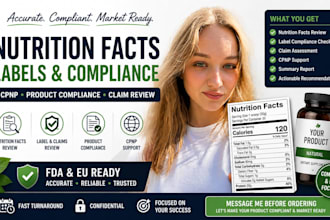 create nutrition facts, nutrition labels, cpnp and compliance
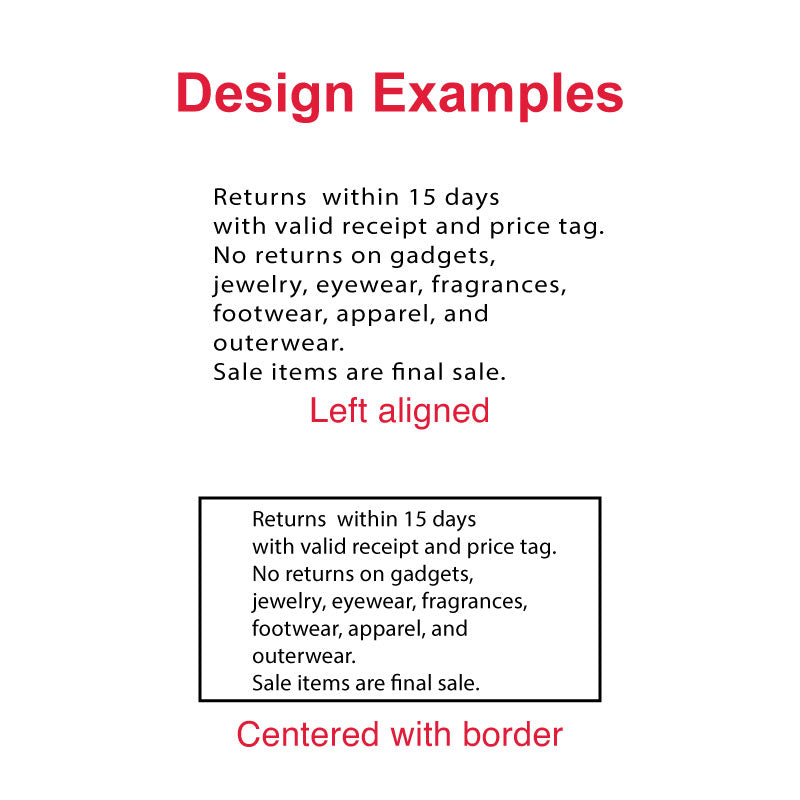 Colop P60 self-inking stamp return policy design examples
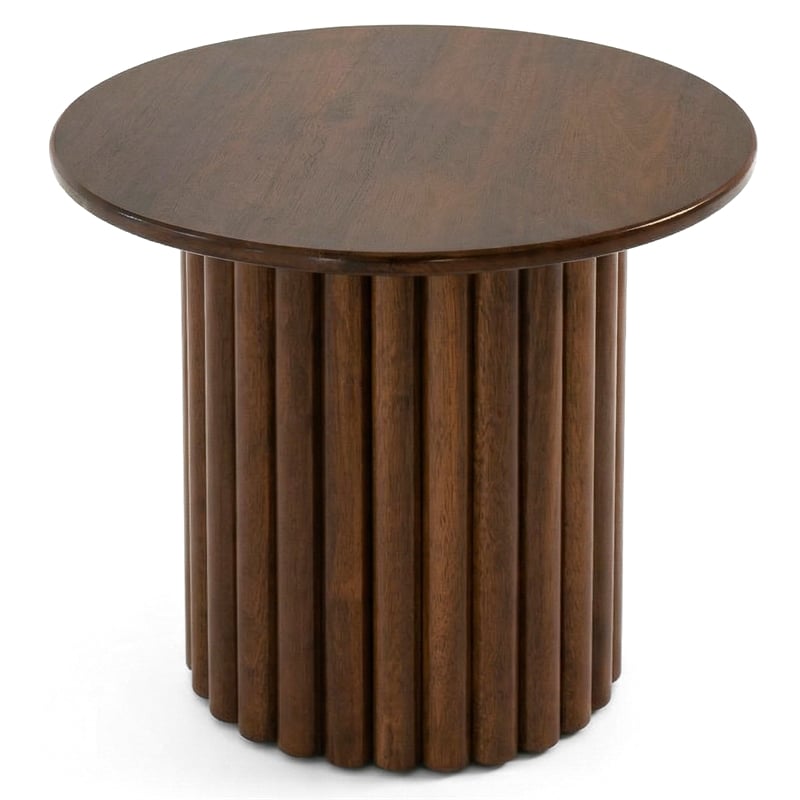 Lancelot Modern Sculptural End Table with Compact Round Design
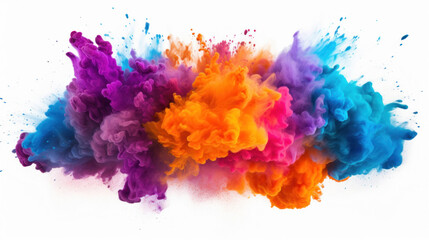 Fototapeta premium Explosion of colored ink in water isolated on white background. Abstract background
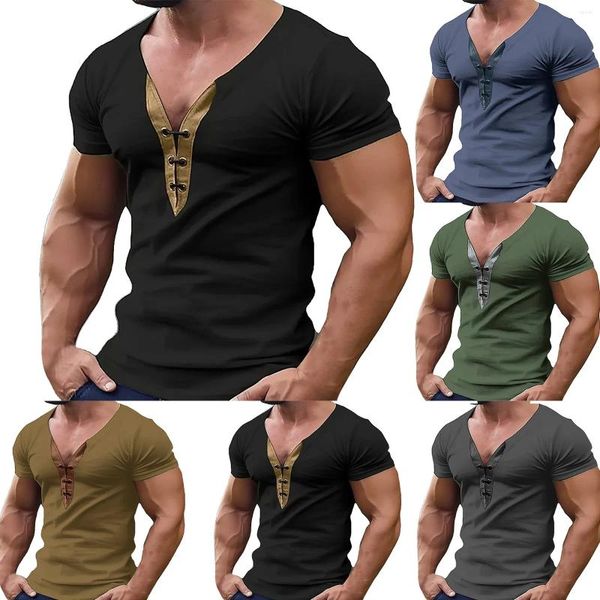 Camisetas masculinas Running Tee V Neck Cor Combinando para Homens Mens Camisa Grande e Alta Gráfico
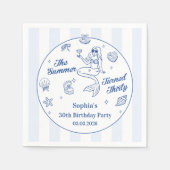 30歳の誕生日を迎えた夏かわいらし スタンダードカクテルナプキン (正面)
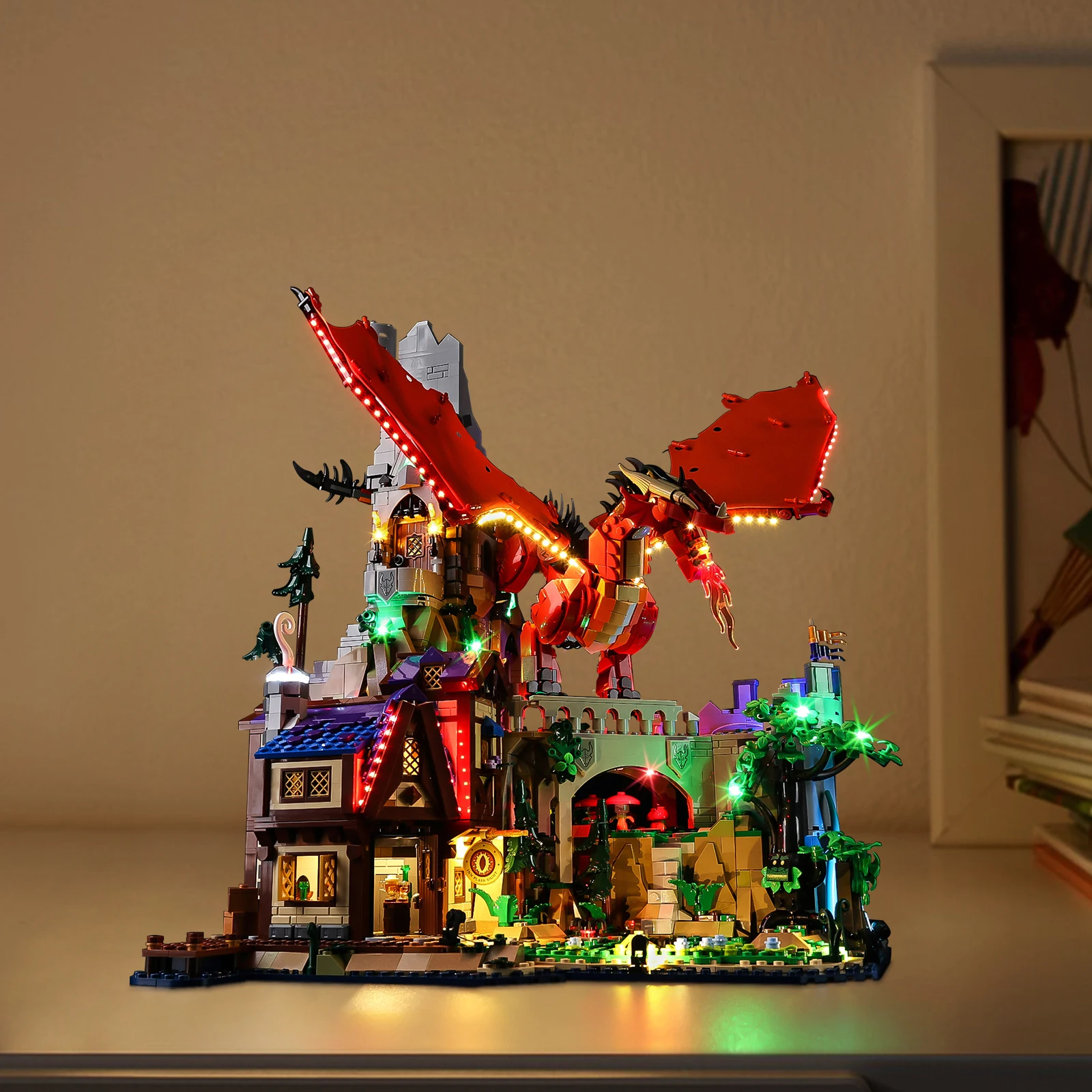 LED-Beleuchtungsset ohne Modellbausatz, geeignet für LEGO Dungeons & Dragons: Red Dragon's Tale 21348 Bausteine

-=-=-=-=-

» What is expected
If the records include pictures, omit them and transcribe everything else exactly.

» Final answer
 create nutrition facts, nutrition labels, cpnp and compliance
 Colop P60 self-inking stamp return policy design examples
 Lancelot Modern Sculptural End Table with Compact Round Design
 Fototapeta premium Explosion of colored ink in water isolated on white background. Abstract background
 Camisetas masculinas Running Tee V Neck Cor Combinando para Homens Mens Camisa Grande e Alta Gráfico
 30歳の誕生日を迎えた夏かわいらし スタンダードカクテルナプキン (正面)
 LED-Beleuchtungsset ohne Modellbausatz, geeignet für LEGO Dungeons & Dragons: Red Dragon's Tale 21348 Bausteine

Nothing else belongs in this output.